As you will have read in the pages of the Evening Express this week, it is 20 years since Aberdeen’s Paul Lawrie won the Open Championship at Carnoustie in 1999.
When Lawrie lifted the claret jug via a play-off following Frenchman Jean van de Velde’s infamous collapse on 18, he ended a relatively short 14-year wait for a Scottish win in golf’s most prestigious tournament.
Sandy Lyle’s victory at Royal St George’s in 1985 put a pin in a much-longer 65-year hoodoo.
Cool customer Lyle, now 61, had trailed Ireland’s Christy O’Connor Jun by four shots after the first round at the famous course in Sandwich, England.
However, after 36 holes, Lyle tied Australia’s David Graham for the lead. His relatively consistent rounds of 68 and 71 – two under and one over par respectively – contrasted O’Connor’s rounds of six under and then six over.
A three-over round on the Saturday saw Lyle drop off the pace again, though, leaving him two over, while Graham and German Bernhard Langer went into Sunday one under par.
But on Sunday it was Lyle who held his nerve.
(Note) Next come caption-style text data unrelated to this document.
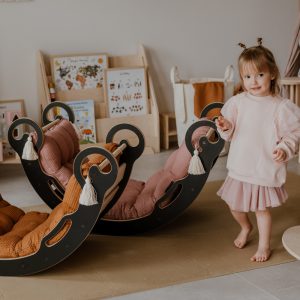 Bujak Drewniany z Poduszką - Zestaw Leo L - Czarny z drewnem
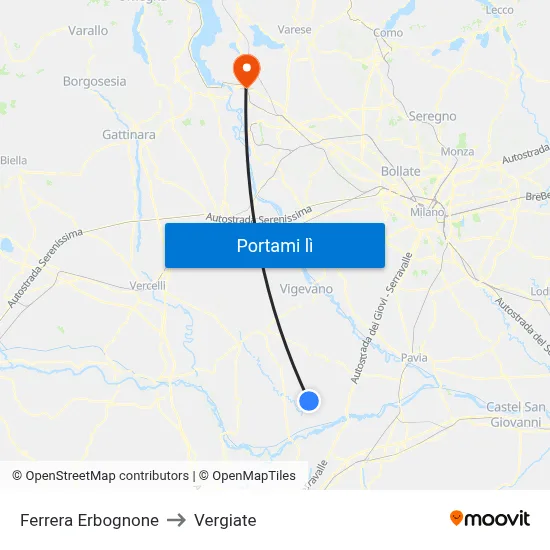 Ferrera Erbognone to Vergiate map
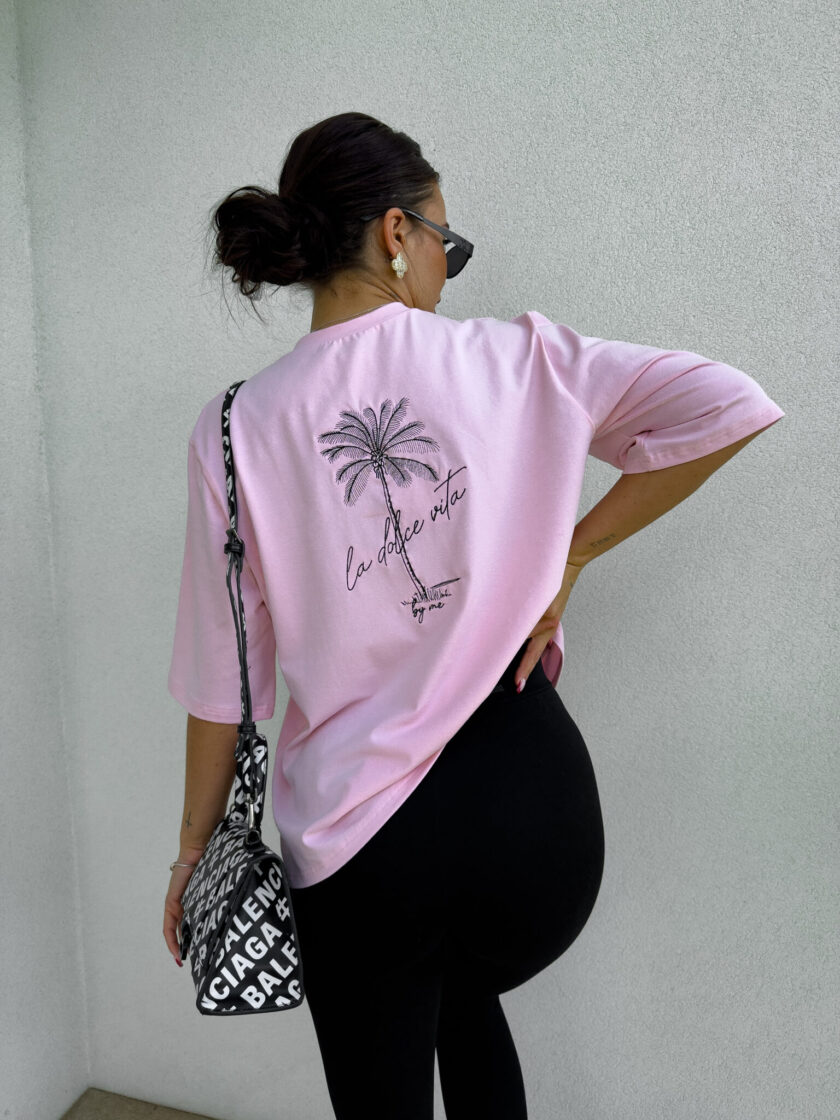 T-shirt PALMS – jasny róż - obrazek 7
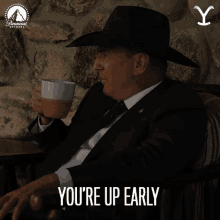 Youre Up Early John Dutton GIF - Youre Up Early John Dutton Kevin Costner GIFs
He shot level par to finish two over as the two overnight leaders collapsed to five-over-par rounds.
Payne Stewart, of the United States, was second with a three-over-par total, while Graham, Langer, O’Connor, American Mark O’Meara and Spain’s Jose Rivero tied for third.
Legend Lyle would go on to become the first European to win the Players’ Championship and the first Brit to win the Masters.